TASK STATEMENT: In the records below, print each line exactly and leave every image out.

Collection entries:
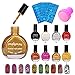SHERUI 8Pcs Professional Stamping Nail Art Polish 10ml Water-based Gel Nail Polish Varnish for Manicure Printing
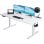 Mesa gaming GTPLAYER elevable 160x70 cm blanca motor eléctrico USB gancho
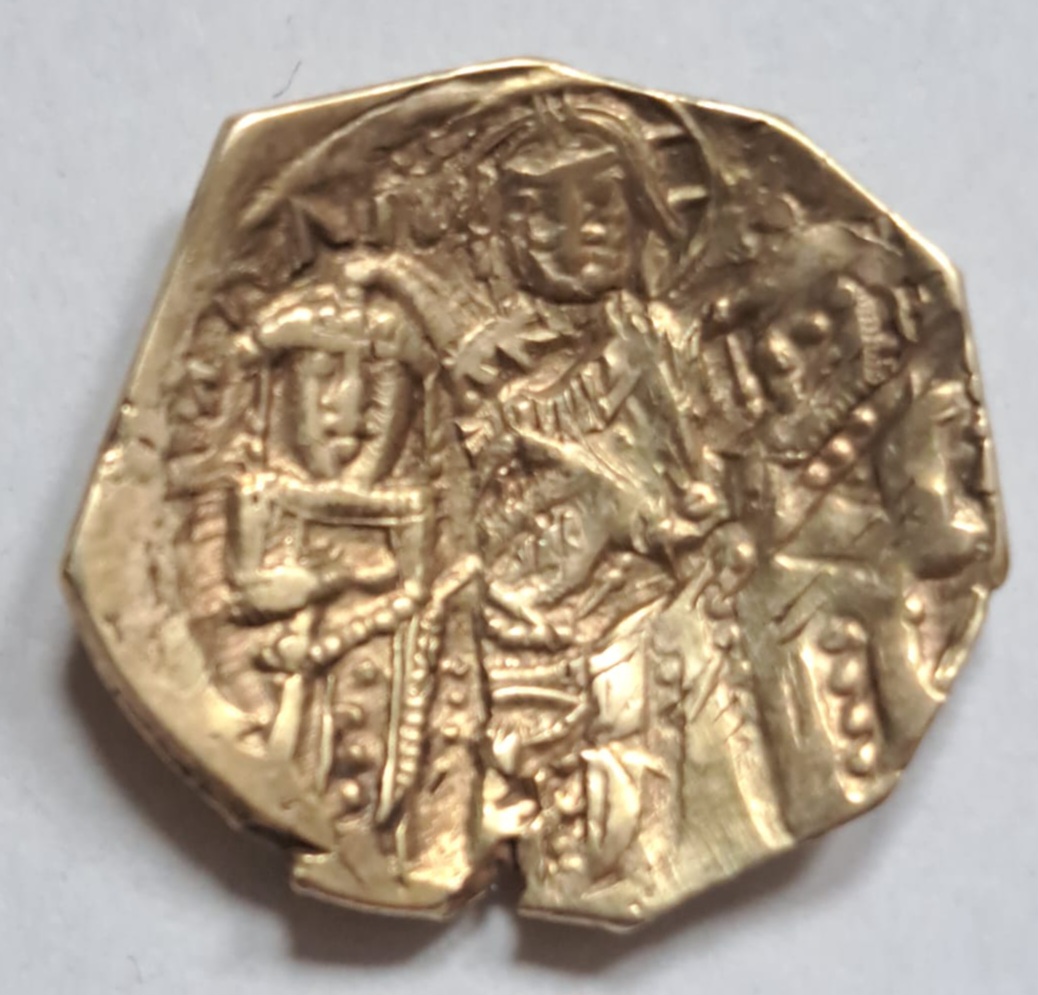  Byzanz, Andronikos II.und Michael IX Hyperpyron Gold   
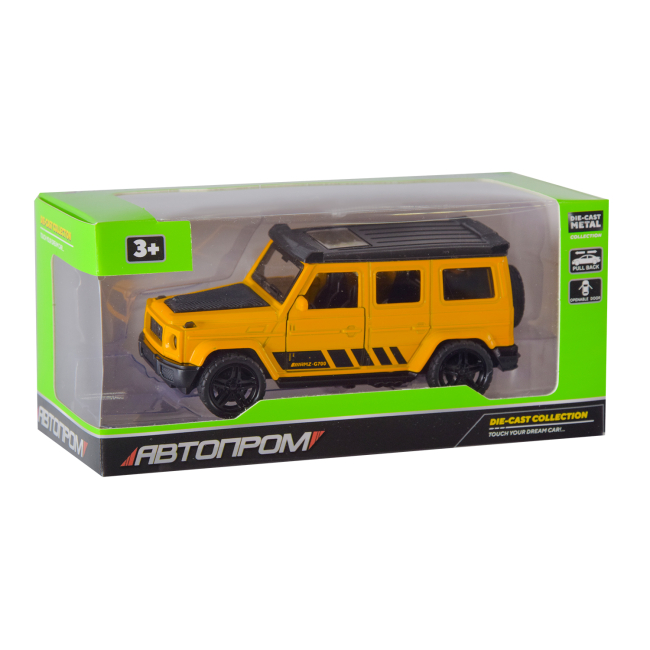 Автомоделі -  Автомодель Автопром Джип 1:32 жовтий (AP74140/1)#4
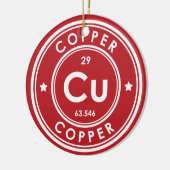 Koperelement rood keramisch Ornament (Links)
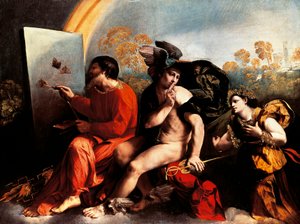 Jupiter ja taidemaalari, kirjoittanut Dosso Dossi 作： Dosso Dossi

ANSWER SPACE:
SHERUI 8Pcs Professional Stamping Nail Art Polish 10ml Water-based Gel Nail Polish Varnish for Manicure Printing
 Mesa gaming GTPLAYER elevable 160x70 cm blanca motor eléctrico USB gancho
  Byzanz, Andronikos II.und Michael IX Hyperpyron Gold   
 Автомоделі -  Автомодель Автопром Джип 1:32 жовтий (AP74140/1)#4
 Koperelement rood keramisch Ornament (Links)
 Jupiter ja taidemaalari, kirjoittanut Dosso Dossi 作： Dosso Dossi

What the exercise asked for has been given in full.